L: Liquid phase flow rate [mol / m2h]
G: Gas phase flow rate [mol / m2h]
π: Total pressure [atm]
[0007]
Accordingly, when the Henry constant expressed by the formula (1) is high, for example, about 1000 atm / mole fraction, L / (G / π) = 1000 is preferable. Compared to a system with an extremely small amount of gas, an ordinary packed tower cannot be used as expected. This is because when the amount of gas is very small compared to the amount of liquid to be treated, back-mixing of the gas occurs and countercurrent operation is not realized.
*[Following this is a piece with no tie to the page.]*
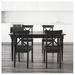 รูปย่อ Best Deal !! Table and 4 chairs black brownblack 155 cm รูปที่2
That is, in the packed tower, gas is accompanied when the liquid flows down between the packed materials. However, in a general gas-liquid contact operation, the gas amount is large, so this effect is negligible. However, when the amount of gas is very small compared to the amount of liquid, when the liquid to be treated is flowed in a large amount, reverse mixing occurs in which the gas flows downward, and mixing in the vertical direction of the gas occurs. The uniformity of the purge gas concentration occurs, the counterflow operation on the gas side becomes substantially insufficient, and the removal of the target substance from the liquid side to the low concentration region becomes incomplete. This tendency becomes more prominent as the column diameter of the packed tower increases.
[0008]
In the case of such a system, a large excess of purge gas is used in the conventional diffusion tower. As a result, the concentration of the target component in the purge gas is lowered, and the efficiency is lowered in order to recover it. For example, if the target substance in the liquid is dissipated using water vapor and condensed, the concentration in the condensate is low, so a further concentration operation is required to separate the target substance. In the case of air dissipation, an adsorption operation with activated carbon or the like is required. Alternatively, even if it is attempted to treat the diffused gas by incineration or the like, it is necessary to heat the excess gas to the thermal decomposition temperature, resulting in an inefficient treatment.
[0009]
In the present invention, in order to solve the above problems, the packed bed installed in the packed tower is partitioned by a gas backflow prevention plate, and the liquid to be treated and the purge gas are in a continuous phase while preventing backmixing. In this way, the volatile compound in the liquid can be efficiently diffused by countercurrent contact.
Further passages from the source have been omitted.